# hand signal for the trick bow



## maverick29 (May 26, 2011)

i'm teaching bow to my dog, and she only does it with a lure right now. i haven't worked too much with her on it either though..... 

i use hand signals with verbal cues and i think she does hand signals very well, i point down for down. i move my hand in a circle for roll over, have my hand in the shape of a gun and say bang for play dead. she understands these signals relaly well. i was wondering what a good hand signal would be for bow....and any tips of fading out the lure on that one since my hand is going down to the ground with the treat, she is focused on the treat and not a hand signal in the other hand. any suggestions?


----------



## hanksimon (Mar 18, 2009)

For the hand signal, how about pressing your open palm toward the ground. To fade the lure, try teaching the voice cue at the same time, a fraction of a second before the hand signal. When she starts to bow for the voice cue, then treat using the other hand. 
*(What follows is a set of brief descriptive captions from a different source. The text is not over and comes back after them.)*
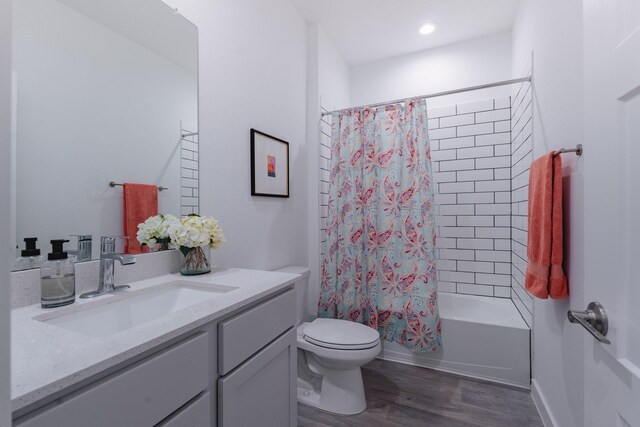 14205 Wonder Lake Ln, Conroe, TX 77384 - full bathroom with vanity, wood finished floors, and shower / bathtub combination with curtain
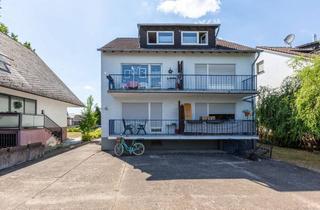 Mehrfamilienhaus kaufen in 63110 Rodgau, Mehrfamilienhaus mit 5 Wohneinheiten und 4 Garagen in Rodgau-Jügesheim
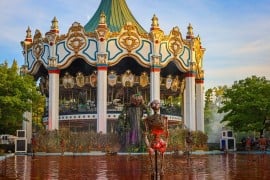 A pumpkin-headed figure and skeletons in a blood-red fountain before the carousel at Six Flags Great America Fright Fest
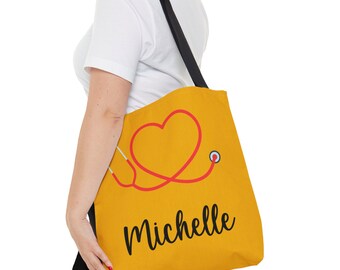 May include: A yellow tote bag with a red stethoscope forming a heart shape and the name "Michelle" printed in black.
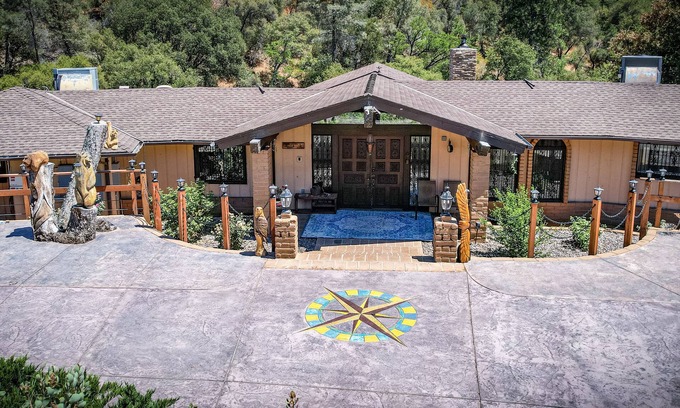 Oakhurst House | Waterfall View Retreat near Yosemite. Sleeps 21, Hot Tub,Swimming Spa, Game Room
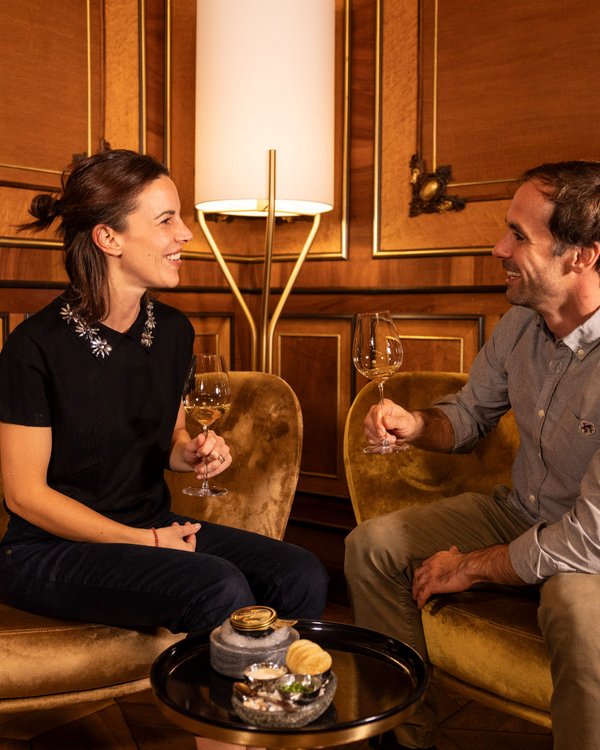 Ein Paar sitzt in bequemen Sesseln und stößt in einer eleganten Lounge auf den Abend an.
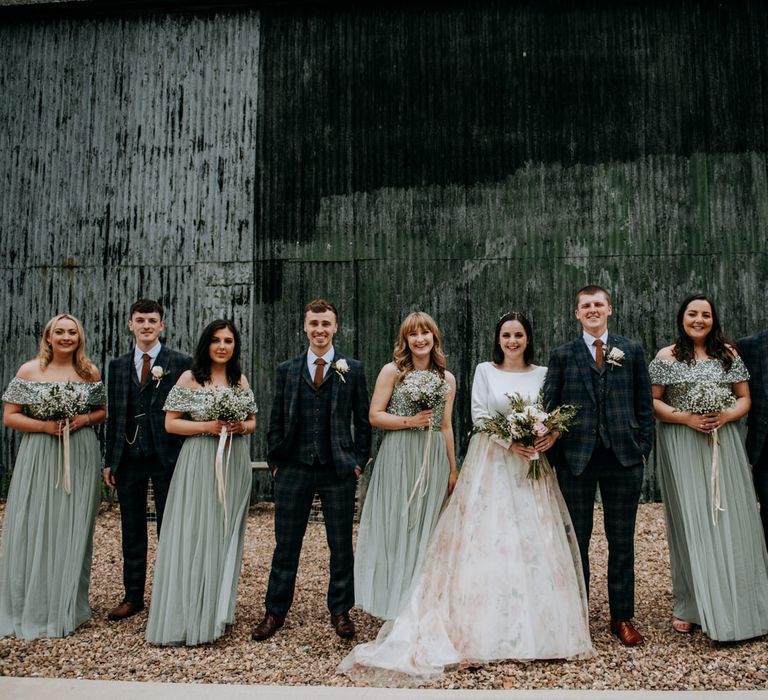 Wedding party portrait with bridesmaids in green chiffon and sequin dresses, groomsmen in navy check suits and the bride in a floral skirt wedding dress 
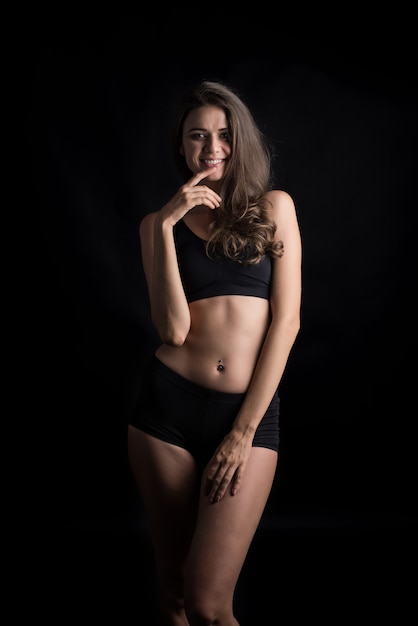 Mulher bonita com corpo saudável em fundo preto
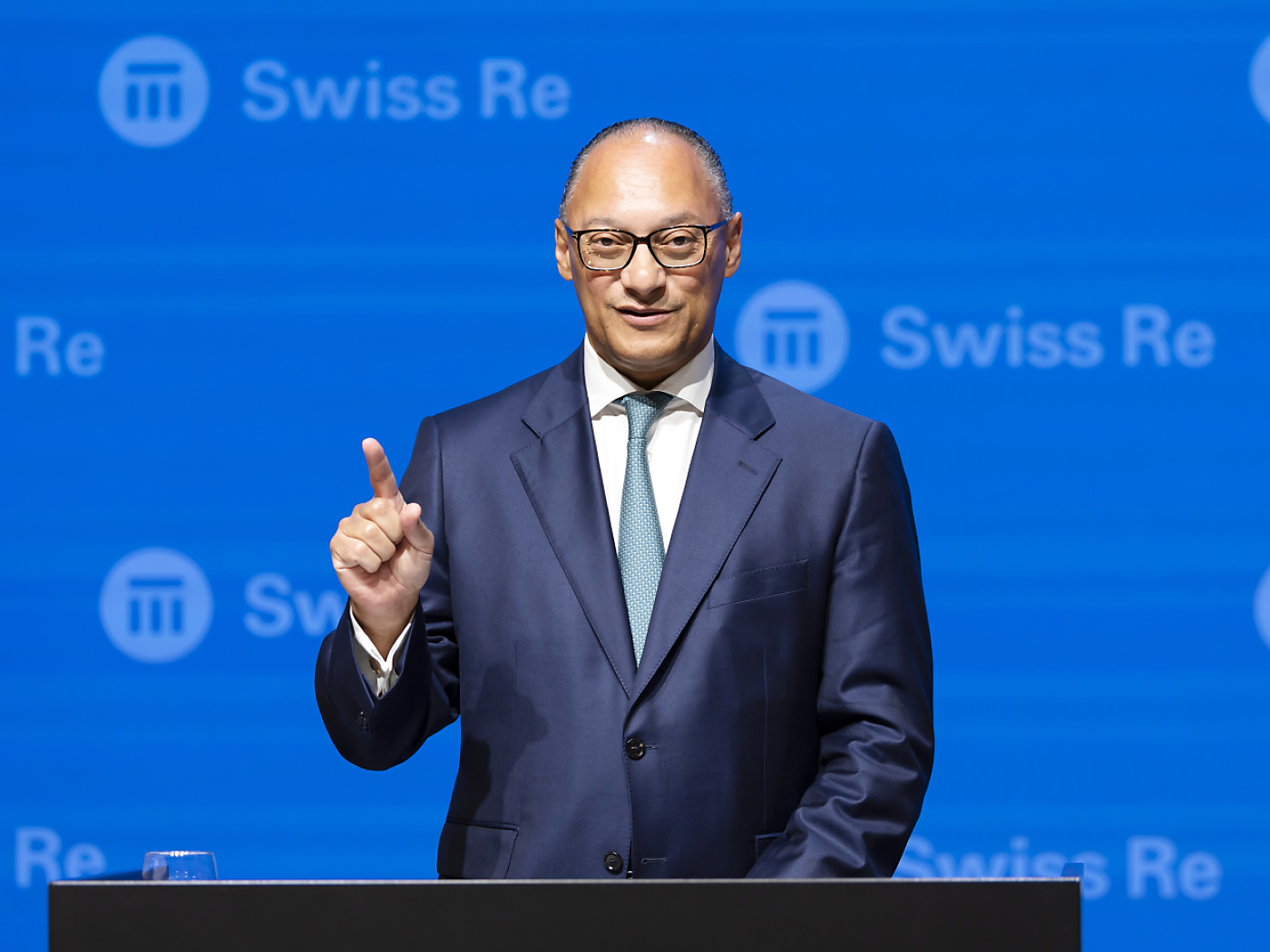 Swiss Re boss sees "trust deficit" after killing in the USA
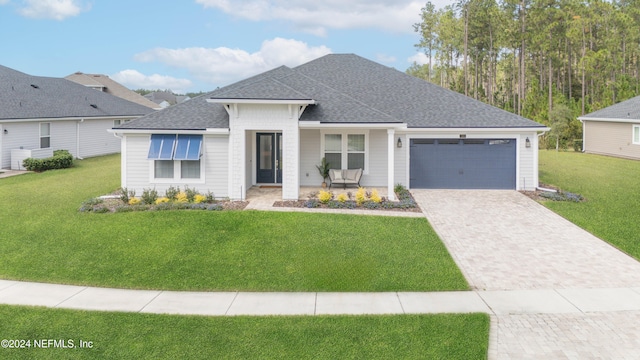 view of front of house featuring a porch, a garage, and a front yard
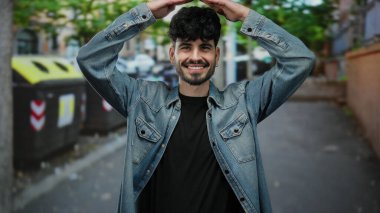 Kot ceketli gülümseyen adam, şehir sokaklarında neşeli pozlar veriyor..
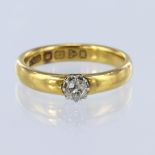 22ct yellow gold band ring with a white gold collet holding a single cushion shaped old cut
After you fade the lure, you can strengthen the hand signal, then fade the treat.


----------



## Canyx (Jul 1, 2011)

I agree with what hanksimon said!
I use a very exaggerated twirly-hand motion for Bow. Kind of like what stage performers do at the end of a show, if you know what I mean. That way my dog and I can do fancy bows at the same time and he won't look too classy for me


----------